Aunque el papa puede hablar de muchos modos, la infalibilidad no es un don
que lo acompañe siempre que habla, razón por la cual no
se presume, tal como lo afirmaría posteriormente el código pío-benedictino
de 1917 (c. 1323) y luego el vigente de 1983 (c. 749, 3).
El segundo «triunfo», visto en perspectiva histórica, consiste en
el uso extraordinario de las definiciones ex cathedra.
Uno de los temores de J. Döllinger era que la definición del concilio impulsara
a declarar dogmas sin necesidad; vale decir que el papa se convirtiera en una
suerte de «definidor serial». Era también el anhelo del ultramontano G. Ward:
recibir todas las mañanas con el desayuno el Times y una
encíclica infalible. Pero no sucedió nada de esto. Desde la definición de 1870
pasaron ochenta años sin que los pontífices pronunciaran una sola
definición ex cathedra. Hubo que esperar hasta 1950 para que Pío
XII definiera dogmáticamente la Asunción de María. Y desde ese momento, hasta
el día de hoy, no se ha dado ninguna otra definición ex cathedra.
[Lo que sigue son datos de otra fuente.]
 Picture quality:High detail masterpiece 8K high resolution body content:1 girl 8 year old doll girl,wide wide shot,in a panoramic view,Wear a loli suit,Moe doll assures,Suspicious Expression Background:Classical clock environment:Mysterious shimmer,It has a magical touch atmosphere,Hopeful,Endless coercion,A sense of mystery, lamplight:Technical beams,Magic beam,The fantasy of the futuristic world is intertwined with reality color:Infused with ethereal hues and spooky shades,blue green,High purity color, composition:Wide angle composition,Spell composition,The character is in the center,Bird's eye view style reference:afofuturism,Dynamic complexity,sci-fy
Tampoco el Concilio Vaticano II hizo uso de la infalibilidad. Sin embargo,
«…después del Vaticano I, asistimos a un hecho bastante nuevo. A
partir de León XIII (1878-1903) se hará frecuente el uso del magisterio
pontificio conocido como “ordinario”, sobre todo a través de encíclicas. De
este modo los papas tratarán de responder a problemas que van surgiendo en
relación con el dogma, la moral, la doctrina social de la Iglesia, etc. Este
magisterio se ejerce además de una forma nueva. Si antes de León XIII los papas
habían intervenido sobre todo formulando condenas y prohibiciones, a partir de
este momento las encíclicas se mostrarán como escritos ricos en indicaciones
positivas y llenos de teología. Esta forma de magisterio ordinario apenas había
sido tomada en consideración en las controversias surgidas en torno al Vaticano
I. Todo parece indicar que no se sospechaba que este tipo de magisterio
dirigido a toda la Iglesia constituiría la forma normal de ejercicio de la
actividad magisterial por parte de los papas, quedando las definiciones
infalibles como caso límite y, por tanto, muy raro» (Ardusso).
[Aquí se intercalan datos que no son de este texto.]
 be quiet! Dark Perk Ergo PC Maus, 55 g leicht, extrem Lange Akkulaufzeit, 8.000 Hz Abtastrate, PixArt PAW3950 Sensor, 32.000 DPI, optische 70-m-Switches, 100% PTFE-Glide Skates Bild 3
Newman murió en 1890, de modo que sólo pudo ver en los últimos años de su larga vida el inicio de este
proceso de empleo cada vez más frecuente del magisterio papal ordinario. Ignoramos si se ocupó explícitamente del tema y
sus últimas obras parecen centradas en otras preocupaciones. No
podemos decir si «triunfó», fue «vencido» o hubo un «empate».
El ámbito en el cual cabría señalar «derrotas» de Newman es el de
la historia de la teología. La primera se dio en el terreno de la reflexión
doctrinal anterior al Vaticano II: los teólogos «ultramontanos» fueron
cubriendo al magisterio ordinario de los pontífices de una «aureola de
infalibilidad», de modo que este magisterio asumió la función de un sucedáneo
de la definición ex cathedra. Y algunos autores –minoritarios,
justo es decirlo- llegaron a defender una infalibilidad de este magisterio
ordinario. Así, el «infalibilismo extremo», que había salido por la puerta del
Vaticano I, reingresaría por la ventana de la teología.
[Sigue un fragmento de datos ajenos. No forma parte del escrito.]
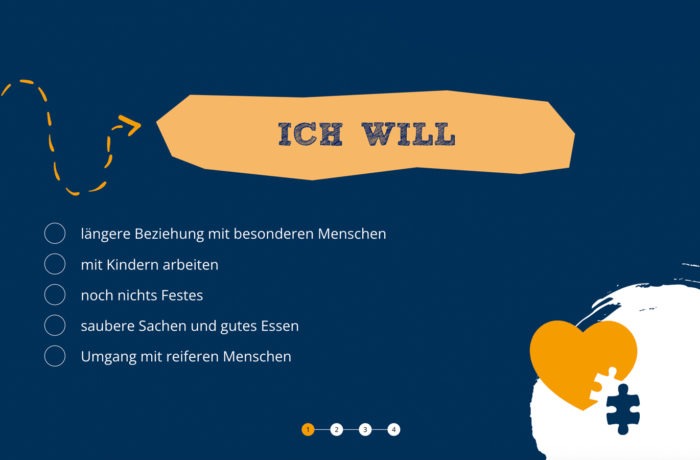 Eine blaue Grafik mit der Überschrift ICH WILL listet Wünsche wie eine lange Beziehung, die Arbeit mit Kindern und gutes Essen auf, die zentrale Werte von Pflege- und Sozialunternehmen widerspiegeln. Unten rechts sind ein Herz und ein Puzzlestück abgebildet. Eine blaue Grafik mit der Überschrift ICH WILL listet Wünsche wie eine lange Beziehung, die Arbeit mit Kindern und gutes Essen auf, die zentrale Werte von Pflege- und Sozialunternehmen widerspiegeln. Unten rechts sind ein Herz und ein Puzzlestück abgebildet.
La «segunda derrota» tuvo lugar después del Vaticano II. El «neoconservadurismo
eclesial», retomando argumentos de autores «ultras» pre-conciliares, elevó
a la categoría de «infalibles» las novedades del Vaticano II, para neutralizar
las resistencias del «tradicionalismo». En este punto coincide con el
«sedevacantismo». Otras veces, el «neoconservadurismo» no llegó a este extremo,
pero sí a negar cualquier debate sobre los textos conciliares en sí mismos, al
recubrirlos con una «aureola de infalibilidad» que los vuelve irreformables de
hecho. Las novedades problemáticas del último sínodo serían fruto del «espíritu
del Concilio», construido por medios de comunicación y peritos fracasados.
Pero la «derrota» post-conciliar más destacada de Newman, por su
gravedad y difusión, habría sido la deriva del «progresismo», que pone en duda el
dogma definido en 1870 y no pocos actos infalibles del magisterio precedente.
Tal vez el ejemplo más representativo sea Hans Küng (ver aquí y aquí).
Tantos esfuerzos de Newman por precisar los alcances de la definición dogmática
del Vaticano I, parecen no haber sido suficientes para prevenir los actuales
disparates y la reviviscencia de errores desechados por ese concilio.